---------- DATA RECORDS ----------

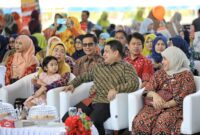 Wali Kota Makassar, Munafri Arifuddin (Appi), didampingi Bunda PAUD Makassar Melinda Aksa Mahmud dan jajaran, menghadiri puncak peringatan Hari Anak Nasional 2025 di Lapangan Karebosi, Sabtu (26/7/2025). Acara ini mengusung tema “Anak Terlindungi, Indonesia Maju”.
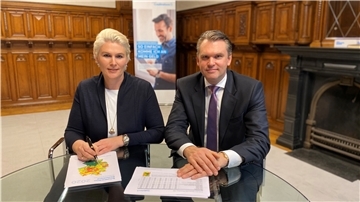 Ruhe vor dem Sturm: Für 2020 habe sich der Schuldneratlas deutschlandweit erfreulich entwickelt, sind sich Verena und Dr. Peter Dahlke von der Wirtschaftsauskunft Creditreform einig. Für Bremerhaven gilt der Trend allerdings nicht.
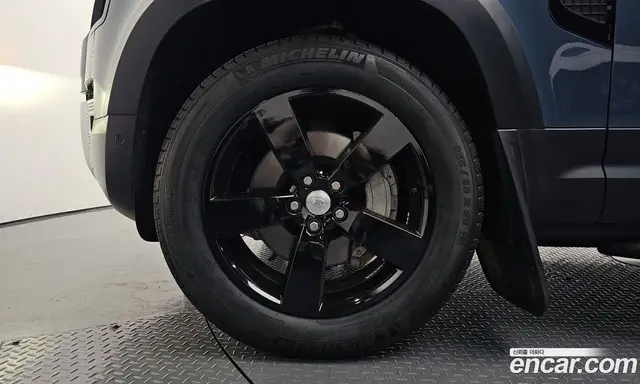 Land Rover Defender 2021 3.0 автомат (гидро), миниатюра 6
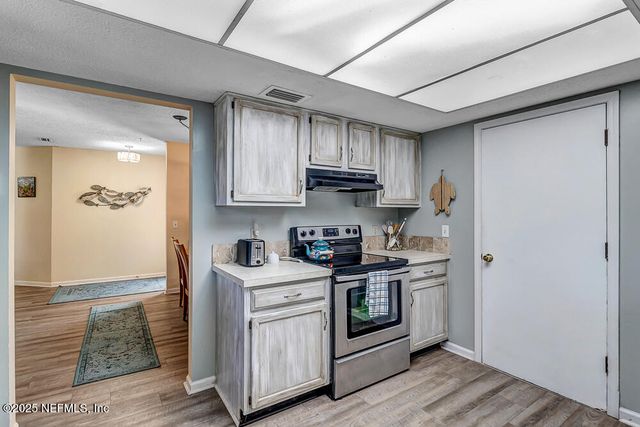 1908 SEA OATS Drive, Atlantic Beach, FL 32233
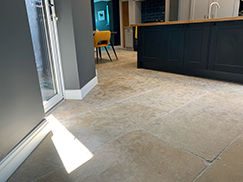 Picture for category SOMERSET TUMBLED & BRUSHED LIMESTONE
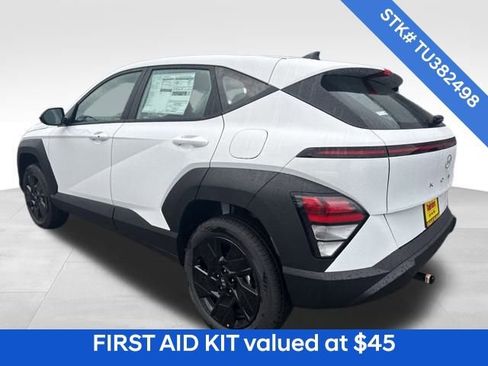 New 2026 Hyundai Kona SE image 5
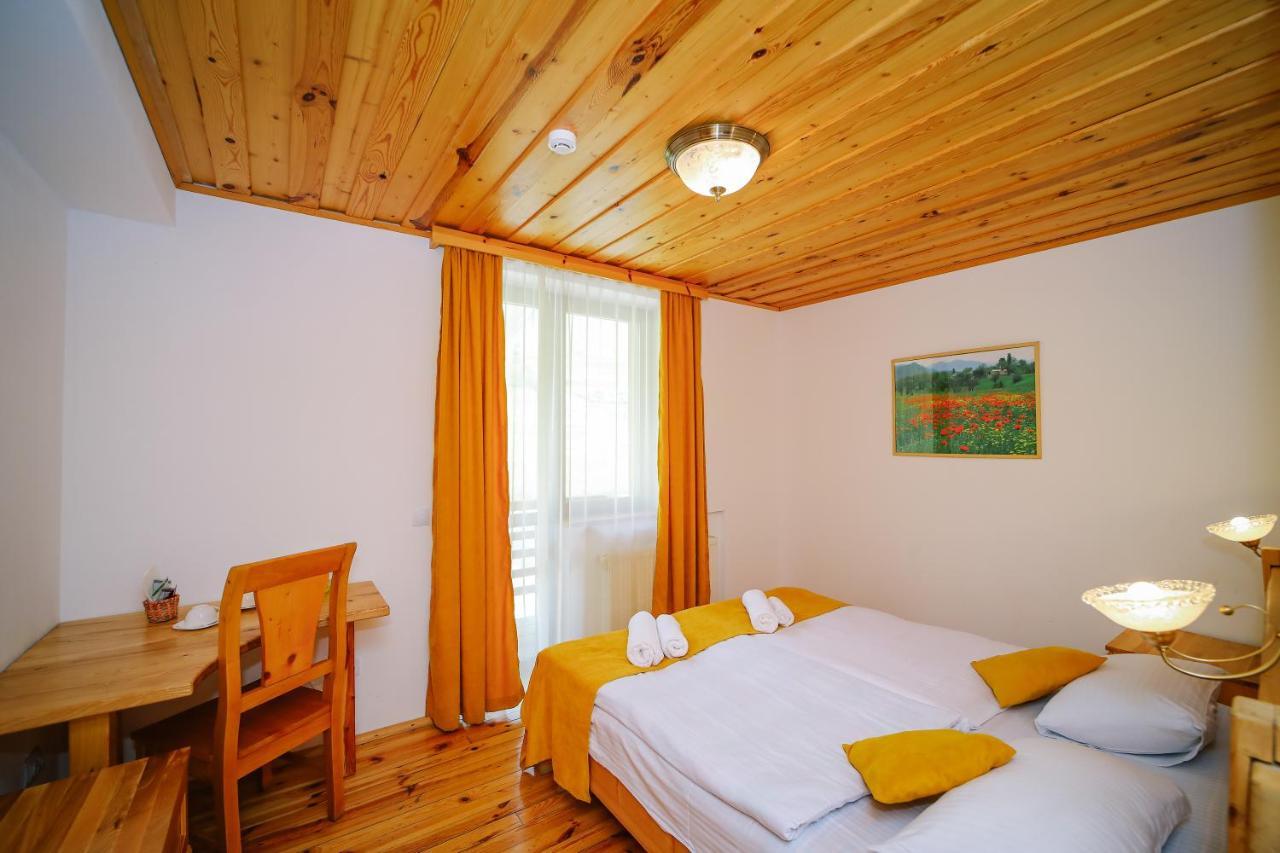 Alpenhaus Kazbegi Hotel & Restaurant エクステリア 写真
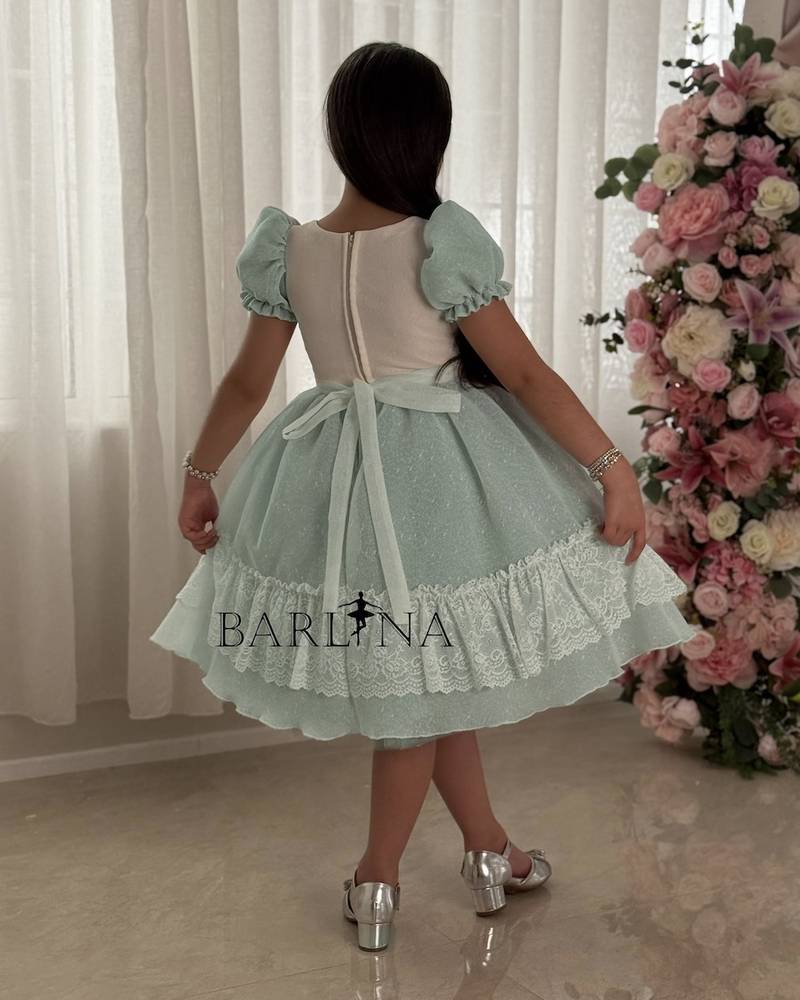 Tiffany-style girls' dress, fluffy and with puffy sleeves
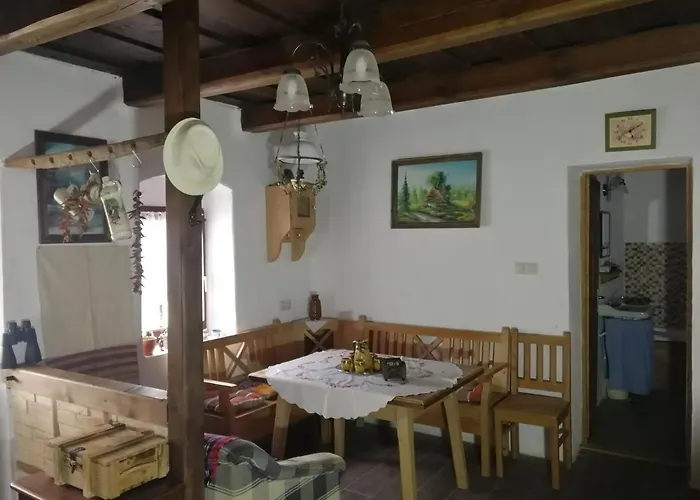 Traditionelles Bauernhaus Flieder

----------

TASK → Take the line that contains "Tiffany-style girls' dress, fluffy" and every line after it up to the end of the records above, and restate them exactly, without the pictures.

RESULT →
 Tiffany-style girls' dress, fluffy and with puffy sleeves
 Traditionelles Bauernhaus Flieder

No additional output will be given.